DATA SUPPLIED -
########

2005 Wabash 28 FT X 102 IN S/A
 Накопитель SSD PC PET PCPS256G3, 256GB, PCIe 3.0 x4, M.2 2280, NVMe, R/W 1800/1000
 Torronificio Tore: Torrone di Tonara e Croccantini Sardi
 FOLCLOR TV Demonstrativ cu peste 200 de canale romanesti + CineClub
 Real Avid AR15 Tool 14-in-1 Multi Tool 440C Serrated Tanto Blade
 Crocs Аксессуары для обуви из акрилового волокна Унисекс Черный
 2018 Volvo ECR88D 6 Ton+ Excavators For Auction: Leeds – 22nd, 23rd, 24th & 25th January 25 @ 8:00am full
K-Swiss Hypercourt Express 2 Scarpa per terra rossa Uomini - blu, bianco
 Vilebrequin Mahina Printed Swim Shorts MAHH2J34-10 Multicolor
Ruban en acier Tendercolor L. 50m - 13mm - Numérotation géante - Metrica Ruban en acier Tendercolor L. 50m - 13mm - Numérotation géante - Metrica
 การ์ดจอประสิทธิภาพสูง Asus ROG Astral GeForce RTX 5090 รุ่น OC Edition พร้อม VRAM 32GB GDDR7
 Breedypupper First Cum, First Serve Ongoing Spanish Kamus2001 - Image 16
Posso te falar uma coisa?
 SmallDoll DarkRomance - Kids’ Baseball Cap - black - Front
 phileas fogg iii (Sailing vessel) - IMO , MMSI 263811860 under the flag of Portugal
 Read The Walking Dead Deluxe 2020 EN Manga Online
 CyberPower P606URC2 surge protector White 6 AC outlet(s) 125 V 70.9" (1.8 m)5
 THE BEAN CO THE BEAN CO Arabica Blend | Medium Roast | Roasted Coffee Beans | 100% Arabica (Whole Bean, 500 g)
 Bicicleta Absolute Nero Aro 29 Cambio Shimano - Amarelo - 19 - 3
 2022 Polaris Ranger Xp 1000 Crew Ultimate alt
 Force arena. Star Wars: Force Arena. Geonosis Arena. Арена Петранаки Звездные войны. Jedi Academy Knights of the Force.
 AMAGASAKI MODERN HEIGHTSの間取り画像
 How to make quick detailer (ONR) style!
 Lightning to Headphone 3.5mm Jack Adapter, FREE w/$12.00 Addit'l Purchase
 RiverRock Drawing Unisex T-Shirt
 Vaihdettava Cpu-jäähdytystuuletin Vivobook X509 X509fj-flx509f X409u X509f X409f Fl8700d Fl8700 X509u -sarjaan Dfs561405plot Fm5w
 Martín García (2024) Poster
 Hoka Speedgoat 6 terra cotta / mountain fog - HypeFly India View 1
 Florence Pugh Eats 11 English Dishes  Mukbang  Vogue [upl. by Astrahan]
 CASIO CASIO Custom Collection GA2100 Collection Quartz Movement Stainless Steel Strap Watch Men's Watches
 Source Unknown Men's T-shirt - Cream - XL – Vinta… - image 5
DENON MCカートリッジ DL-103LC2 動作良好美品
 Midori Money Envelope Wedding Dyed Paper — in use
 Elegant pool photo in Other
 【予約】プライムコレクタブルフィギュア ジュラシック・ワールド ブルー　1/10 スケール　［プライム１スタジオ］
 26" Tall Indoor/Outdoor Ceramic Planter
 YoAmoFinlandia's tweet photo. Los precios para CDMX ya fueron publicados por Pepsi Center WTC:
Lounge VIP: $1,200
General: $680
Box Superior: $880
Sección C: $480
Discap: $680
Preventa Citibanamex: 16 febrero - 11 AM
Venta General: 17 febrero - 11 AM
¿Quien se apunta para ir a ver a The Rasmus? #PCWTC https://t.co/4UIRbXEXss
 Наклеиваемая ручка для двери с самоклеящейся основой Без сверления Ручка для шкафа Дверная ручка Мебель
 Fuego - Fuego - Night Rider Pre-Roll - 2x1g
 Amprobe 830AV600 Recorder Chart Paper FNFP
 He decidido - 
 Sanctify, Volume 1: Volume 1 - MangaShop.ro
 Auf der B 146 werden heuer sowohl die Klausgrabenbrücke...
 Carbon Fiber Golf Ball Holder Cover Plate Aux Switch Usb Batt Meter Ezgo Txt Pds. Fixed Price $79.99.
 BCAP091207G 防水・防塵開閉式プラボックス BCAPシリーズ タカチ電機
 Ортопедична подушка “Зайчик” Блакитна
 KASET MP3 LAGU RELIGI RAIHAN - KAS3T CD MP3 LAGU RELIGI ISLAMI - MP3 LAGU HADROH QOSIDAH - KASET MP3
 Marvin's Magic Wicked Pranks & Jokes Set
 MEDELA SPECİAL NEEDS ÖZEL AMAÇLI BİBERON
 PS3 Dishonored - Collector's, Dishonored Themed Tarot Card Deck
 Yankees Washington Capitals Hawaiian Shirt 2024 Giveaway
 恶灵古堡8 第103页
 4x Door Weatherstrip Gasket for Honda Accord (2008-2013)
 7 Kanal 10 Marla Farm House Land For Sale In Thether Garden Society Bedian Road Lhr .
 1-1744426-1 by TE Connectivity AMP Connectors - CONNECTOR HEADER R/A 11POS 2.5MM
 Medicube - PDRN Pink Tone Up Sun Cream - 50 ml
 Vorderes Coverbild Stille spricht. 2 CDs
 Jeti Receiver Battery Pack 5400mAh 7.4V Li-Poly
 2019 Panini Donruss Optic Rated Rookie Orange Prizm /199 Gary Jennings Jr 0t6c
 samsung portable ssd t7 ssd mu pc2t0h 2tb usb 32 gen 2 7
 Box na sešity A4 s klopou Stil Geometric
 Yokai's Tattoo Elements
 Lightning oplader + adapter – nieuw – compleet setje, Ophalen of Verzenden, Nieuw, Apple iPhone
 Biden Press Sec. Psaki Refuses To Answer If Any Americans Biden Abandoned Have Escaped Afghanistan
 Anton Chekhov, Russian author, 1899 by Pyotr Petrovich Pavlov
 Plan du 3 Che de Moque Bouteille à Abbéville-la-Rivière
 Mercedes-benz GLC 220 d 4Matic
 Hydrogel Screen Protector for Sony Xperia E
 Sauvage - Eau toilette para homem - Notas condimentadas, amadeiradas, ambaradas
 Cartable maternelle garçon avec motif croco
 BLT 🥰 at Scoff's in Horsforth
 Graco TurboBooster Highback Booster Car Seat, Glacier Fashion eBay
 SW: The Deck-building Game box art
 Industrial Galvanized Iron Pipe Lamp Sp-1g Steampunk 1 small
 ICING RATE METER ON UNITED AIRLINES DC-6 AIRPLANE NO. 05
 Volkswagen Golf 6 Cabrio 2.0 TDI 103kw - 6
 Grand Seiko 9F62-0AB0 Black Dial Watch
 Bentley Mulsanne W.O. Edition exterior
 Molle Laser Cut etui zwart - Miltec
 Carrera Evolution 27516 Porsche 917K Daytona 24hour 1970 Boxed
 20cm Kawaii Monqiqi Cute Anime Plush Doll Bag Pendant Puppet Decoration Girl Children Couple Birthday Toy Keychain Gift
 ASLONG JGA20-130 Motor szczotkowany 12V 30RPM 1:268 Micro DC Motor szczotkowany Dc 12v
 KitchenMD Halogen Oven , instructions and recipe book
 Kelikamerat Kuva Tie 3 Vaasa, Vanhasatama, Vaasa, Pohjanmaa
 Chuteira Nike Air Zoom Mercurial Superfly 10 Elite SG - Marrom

########

Extract, from the listing above, every line where the string "General" occurs.

TASK SOLUTION -
General: $680
Venta General: 17 febrero - 11 AM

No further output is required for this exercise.